Lo más sencillo para llegar es ir por el Portanchito andando o en la versión corta, que es la que yo hice, subir a las ruinas del antiguo sanatorio de tuberculosos por la carretera de Miajadas. Allí dejamos el coche y miramos a los picos y en uno de ellos podemos distinguir un pequeño árbol... pues justo ahí es donde nos dirigimos. 

El cerro del Milano está incluido en lo que se denomina el Sinclinal de Cáceres, está formado por cuarcitas armoricanas que asoman violentamente en las cumbres formando un bello roquedo.
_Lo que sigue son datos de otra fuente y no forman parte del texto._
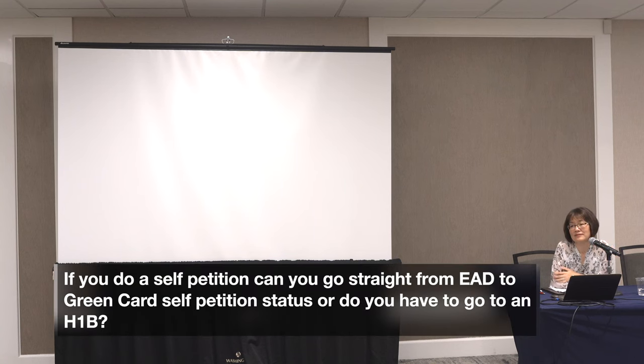Can you go straight from EAD to a green card self-petition, or do you have to go through H-1B first? No, that's not required — you can go straight from F-1 to the green card. I've seen this happen where an F-1 goes straight to the green card with a self-petition because they have a talent no one else has. It's rare because in order to achieve the extraordinary ability level of self-petition, you need a certain amount of years of work experience and recognition in the industry. However, if you are one of these genius savants who has created a platform that's taken off, like a Facebook-type scenario, that's possible.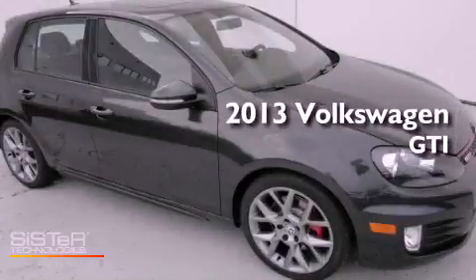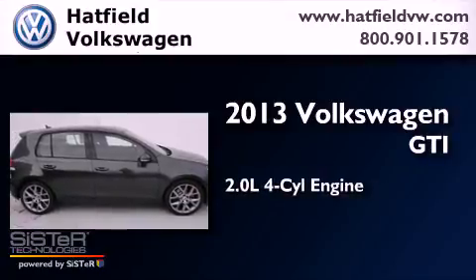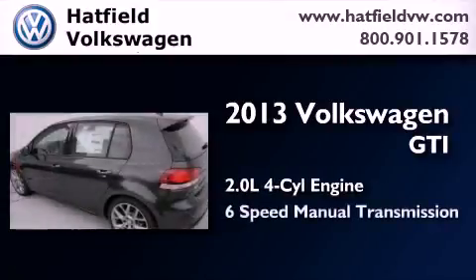This is a brand new 2013 Volkswagen GTI. It features a 2.0-liter four-cylinder engine and a six-speed manual transmission.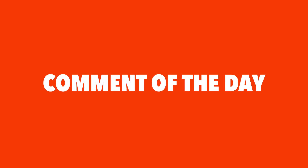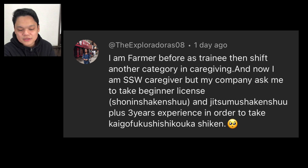I hope I made myself clear. A viewer shared their experience: they were a farmer before as a trainee, then shifted to caregiving. Now as an SSW caregiver, their company requires them to take both Shoninsha Kenshu and Jitsumusha Kenshu plus three years of caregiving experience before taking the Kaigo Fukushishi Kokka Shiken. Thank you so much, the exploradors, for sharing that amazing experience.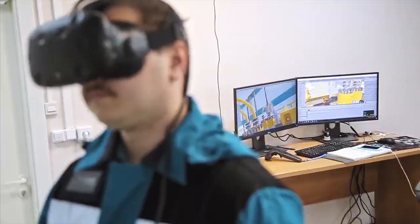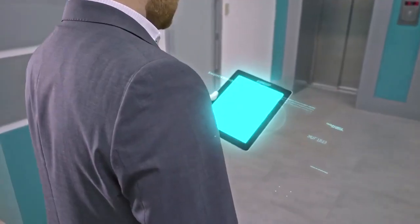Virtual reality is used for training new employees. All of these technologies offer options for process optimization.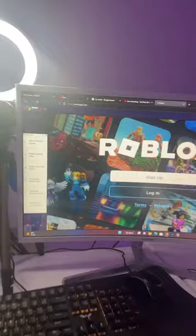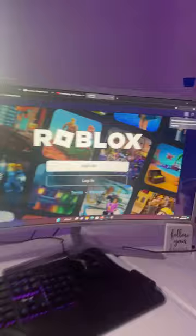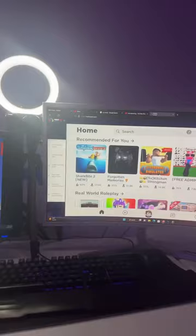Then it opens up a Roblox mobile app in your browser. Make sure you press sign up and don't log in using an existing account. It literally lets you play Roblox completely unblocked for free. Don't tell anyone about this.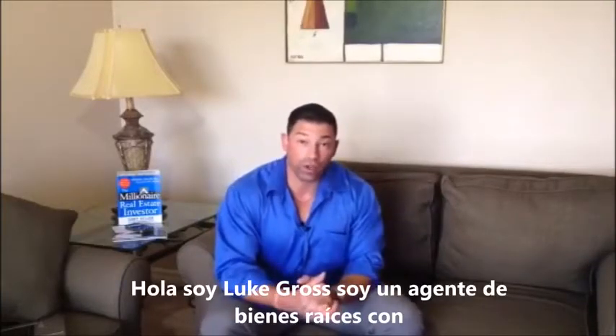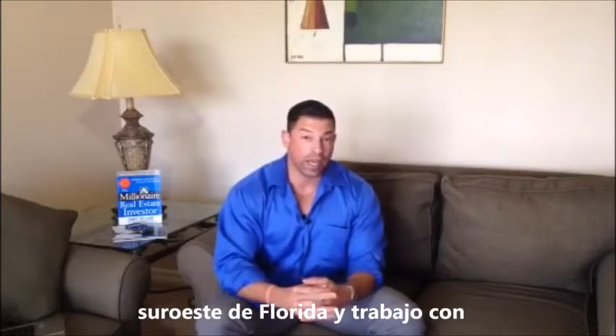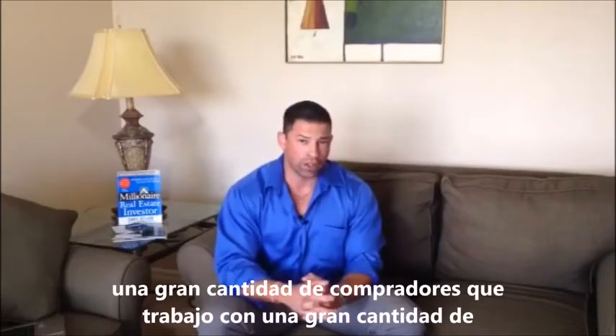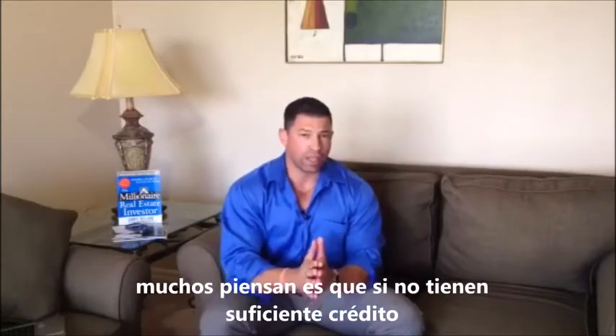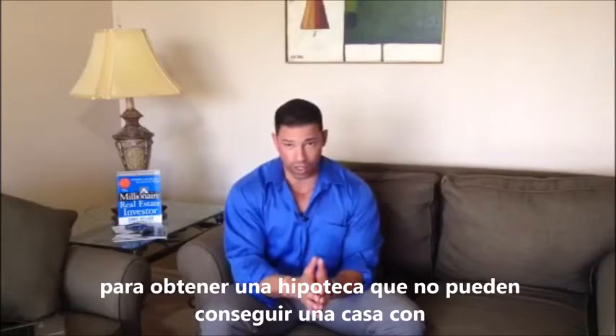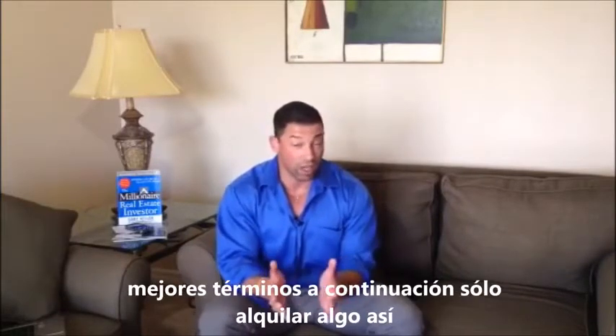Hi, I'm Luke Gross. I'm a realtor with Records Results Real Estate here in Southwest Florida, and I work with a lot of buyers. I work with a lot of buyers with some challenged credit, and what they often think is if they don't have enough credit to get a mortgage, they can't get a house with better terms than just renting.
Gran parte de estas rocas pertenecen al Ordovícico inicial, y tienen aproximadamente unos 350 millones de años.







Por el camino me paré a observar numerosas setas que plagaban los bordes del sendero, donde predominan las jaras, los brezos, los madroñales y según ascendemos, el angosto bosque mediterráneo se asoma tímidamente. En la cumbre la belleza de lo que desde allí se observa nos recompensa con creces del pequeño esfuerzo. 


















Hoy sólo os quiero mostrar imágenes de paisajes y de los hongos que pude ver. En otro artículo hablaremos de la geología de este interesante lugar y de los restos fósiles que nos ofrece. Pero de entre todos los atractivos del cerro me quedo con uno, que en ningún caso debería ser algo extraordinario, y es la ausencia de restos de basura. Que sea un lugar desconocido y no muy transitado nos permite disfrutar de una naturaleza libre de residuos humanos... algo casi imposible de encontrar ya.